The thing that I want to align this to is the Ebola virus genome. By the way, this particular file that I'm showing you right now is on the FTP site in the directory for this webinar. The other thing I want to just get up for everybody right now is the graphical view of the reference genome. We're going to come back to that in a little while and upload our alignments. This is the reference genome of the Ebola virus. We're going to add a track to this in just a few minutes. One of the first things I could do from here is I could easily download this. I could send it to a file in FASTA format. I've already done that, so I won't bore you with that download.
...
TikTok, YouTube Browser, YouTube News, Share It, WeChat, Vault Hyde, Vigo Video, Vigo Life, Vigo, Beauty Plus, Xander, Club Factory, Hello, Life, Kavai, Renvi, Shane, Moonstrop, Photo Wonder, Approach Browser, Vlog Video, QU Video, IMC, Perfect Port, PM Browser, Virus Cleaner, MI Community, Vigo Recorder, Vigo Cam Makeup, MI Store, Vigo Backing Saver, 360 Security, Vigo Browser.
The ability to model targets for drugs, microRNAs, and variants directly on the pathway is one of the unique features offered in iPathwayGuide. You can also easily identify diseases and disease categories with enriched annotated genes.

- _Problem_: Which lines of the entries contain "easily"? Count them and write only the number.

- _Exercise result_: 2